Education News

2 Houston universities receive ‘red light’ rating for freedom of expression

The study analyzed the written free expression policies of close to 500 colleges and universities. Three Texas schools were ranked harshly and given “red light” status for restrictive speech policies, while most Texas schools earned a “yellow light” rating, which is average.

Rice University Police Department
An aerial view of Rice University. Classes at the school were canceled for one week over coronavirus concerns.

Three Texas universities — including two from Houston — received the harshest, or “red light”, rating from the Foundation for Individual Rights in Education, also known as FIRE. The national survey issued by the organization was published Tuesday and studies free speech policies at institutions of higher education.

The report included 481 U.S. four-year colleges and universities.

Red light-rated Texas schools

University of Houston, Downtown

Rice University

University of Texas, Dallas

"We disagree with this assessment,” the University of Texas, Dallas said in a statement. “We make every effort to create an environment that supports and encourages free speech while protecting students, faculty and staff from harassment.”

The University of Houston, Downtown said while they have long promoted constructive conversations on campus among students, faculty and staff, they do maintain email and anti-discrimination policies.

“Such policies are in place not to limit freedom of expression or speech but rather to ensure that UHD Community members can continue to work and learn in a safe environment,” the university said in a statement.

Rice University did not respond to a request for comment.

Green light-rated Texas schools

Texas A&M University

What warrants a red light rating?

Laura Beltz, the author of FIRE’s report said red rated schools have "severely restrictive" policies that constitute a serious threat to protected expression.

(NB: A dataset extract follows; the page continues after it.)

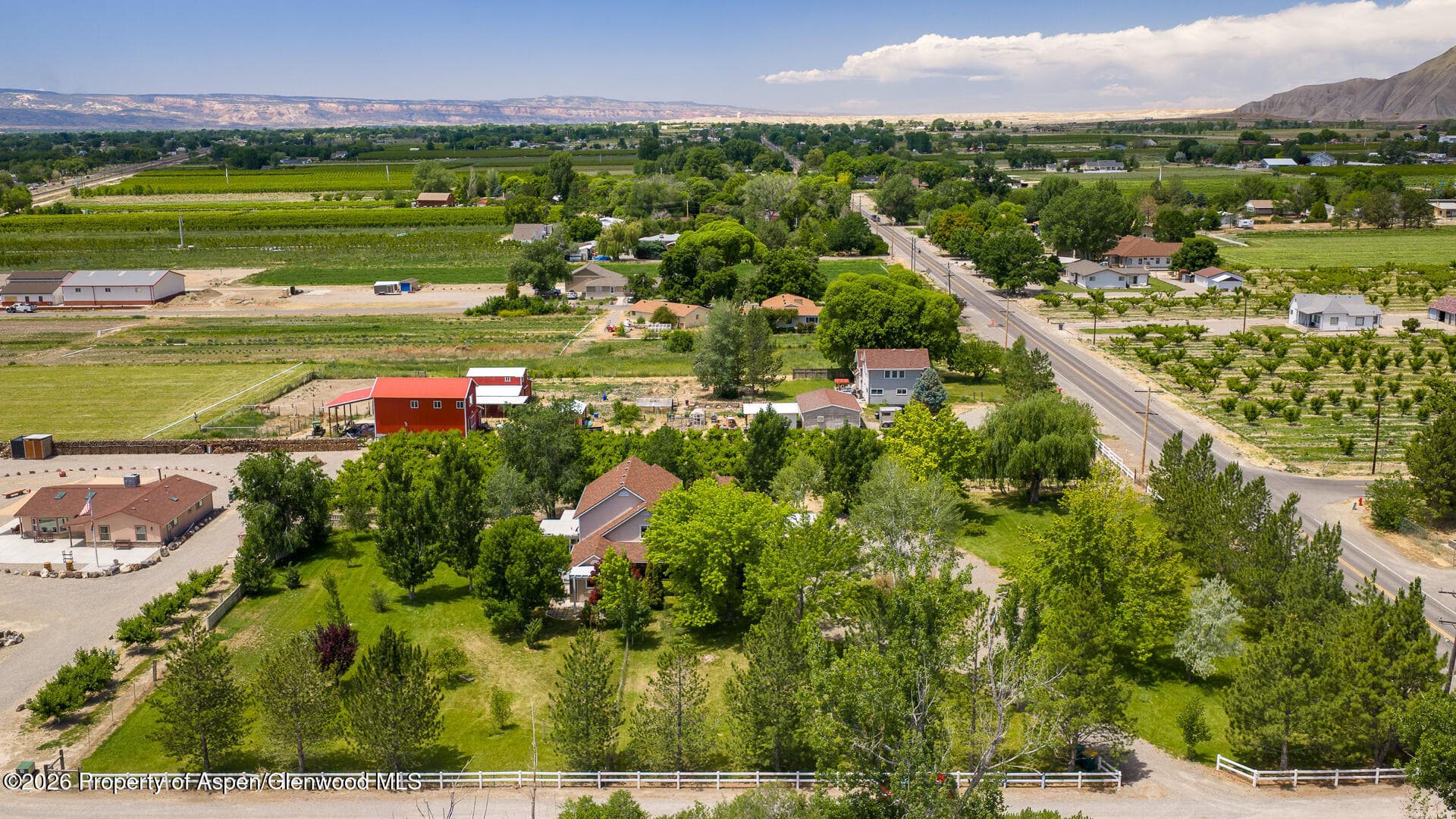 3609 G Road, Palisade, CO 81526 - Photo 52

She said the University of Houston, Downtown maintains an IT policy "that students shall not send messages or make postings that could be construed as offensive. That could include anything from a rude tweet about a sports theme or an off-color joke. And that’s protected speech."

FIRE said 86% of colleges restrict free speech in some capacity.

Middle of the pack

Beltz said 16 Texas schools, like Texas State University, scored a yellow rating, which is average. She said Texas State for example, prohibits information resource use for political purposes because the state school itself cannot legally advocate for politicians. But she said, students can.

"So we flag this one," explained Beltz, "because students could read this and think, oh, I’m not allowed to engage in any political expression over the university’s IT resources, and that’s just not the case."

The lone green light

Beltz said that among the rated Texas colleges, only Texas A&M earned a green light rating, meaning the school doesn't maintain any policies that compromise student expression. Only 12% of FIRE's rated schools, 58 nationwide, scored a green light.